Sampling / Importance Resampling

20.2. Sampling / Importance Resampling#

Note

This chapter is reproduced (with some adjustments) from Bayesian probability updates using sampling/importance resampling: Applications in nuclear theory by Weiguang Jiang and Christian Forssén in Front. in Phys., 10:1058809, 2022 [JForssen22] (with permission).

The use of MCMC in the statistical analysis of complex computer models typically requires massive computations. There are certainly situations where MCMC sampling is not ideal, or even becomes infeasible:

  1. When the posterior is conditioned on some calibration data for which the model evaluations are very costly. Then a limited number of full likelihood evaluations can be afforded and the MCMC sampling becomes less likely to converge.

  2. Bayesian posterior updates in which calibration data is added in several different stages. This typically requires that the MCMC sampling must be carried out repeatedly from scratch.

  3. Model checking where the sensitivity to prior assignments is being explored. This is a second example of posterior updating.

  4. The prediction of target observables for which model evaluations become very costly and the handling of a large number of MCMC samples becomes infeasible.

These are situations where one might want to use the Sampling/Importance Resampling (S/IR) method [BS06, SG92], which can exploit the previous results of model evaluations to allow posterior probability updates at a much smaller computational cost compared to the full MCMC method.

Brief review of the method#

The basic idea of S/IR is to utilize the inherent duality between samples and the density (probability distribution) from which they were generated [SG92]. This duality offers an opportunity to indirectly recreate a density (that might be hard to compute) from samples that are easy to obtain.

Let us consider a target density \(h(\pars)\). This could be a posterior PDF \(\pdf{\pars}{\data, I}\). Instead of attempting to directly collect samples from \(h(\pars)\), as would be the goal in MCMC approaches, the S/IR method uses a detour. We first obtain samples from a simple (even analytic) density \(g(\pars)\). We then resample from this finite set using a resampling algorithm to approximately recreate samples from the target density \(h(\pars)\). There are (at least) two different resampling methods. In this paper we only focus on one of them called weighted bootstrap (more details of resampling methods can be found in Refs. [Rub88, SG92]).

Assuming we are interested in the target density \(h(\pars)=f(\pars)\,/\int\! f(\pars)\,\mathrm{d}\pars\), the procedure of resampling via weighted bootstrap can be summarized as follows:

Algorithm 20.2 (The Sampling/Importance Resampling method)

  1. Generate the set \(\{ \pars_i\}_{i=1}^n\) of samples from a sampling density \(g(\pars)\).

  2. Calculate \(\omega_i=f(\pars_i)\,/\,g(\pars_i)\) for the \(n\) samples and define importance weights as: \(q_i=\omega_i~/\sum_{j=1}^n \omega_j\).

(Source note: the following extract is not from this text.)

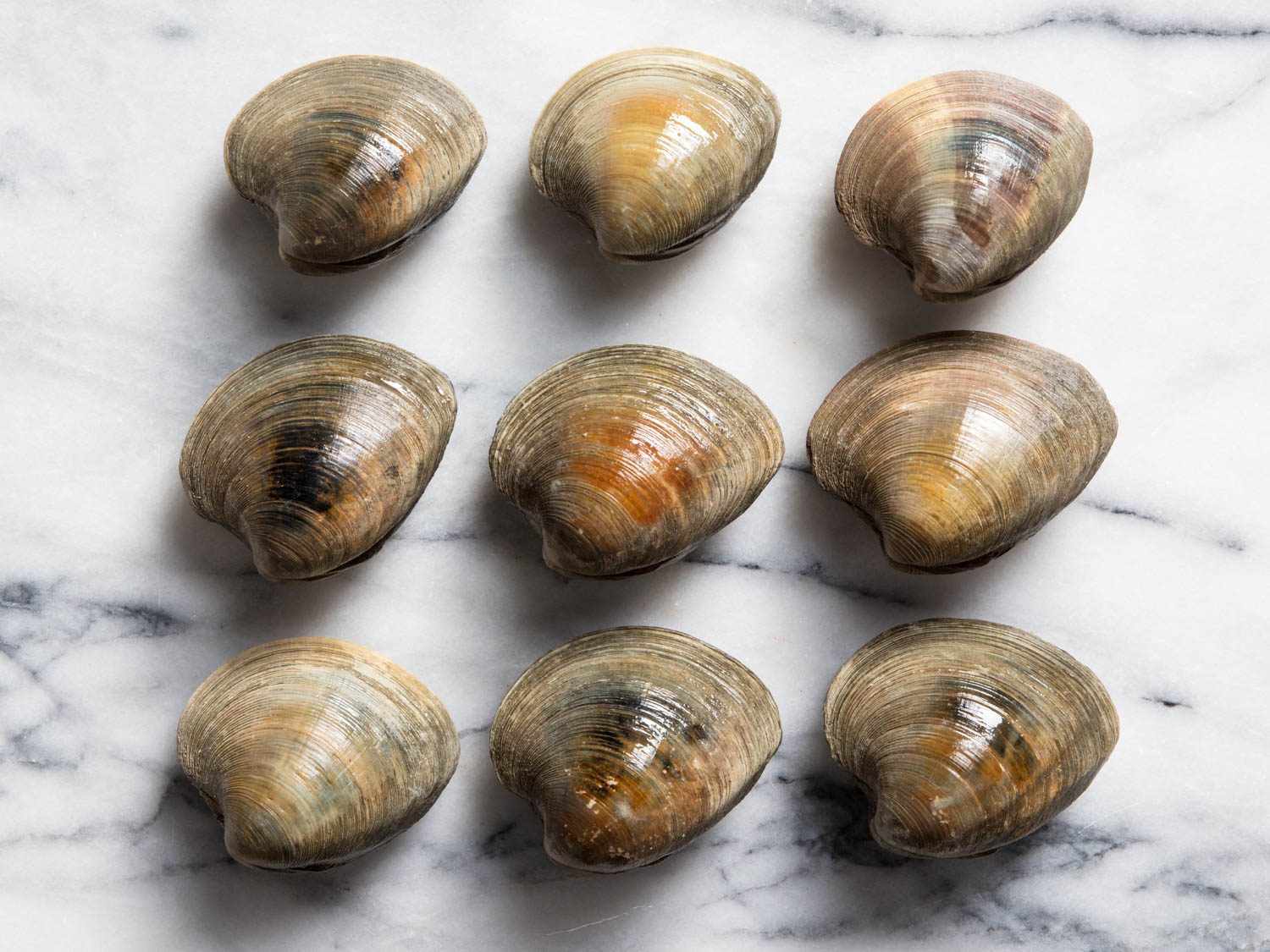 Nine variations of cherrystone clams.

  3. Draw \(N\) new samples \(\{ \optpars_i\}_{i=1}^N\) from the discrete distribution \(\{ \pars_i \}_{i=1}^n\) with probability mass \(q_i\) on \(\pars_i\).

  4. The set of samples \(\{ \optpars_i \}_{i=1}^N \) will then be approximately distributed according to the target density \(h(\pars)\).

Intuitively, the distribution of \(\optpars\) should be good approximation of \(h(\pars)\) when \(n\) is large enough. Here we justify this claim via the cumulative distribution function of \(\optpara\) (for the one-dimensional case)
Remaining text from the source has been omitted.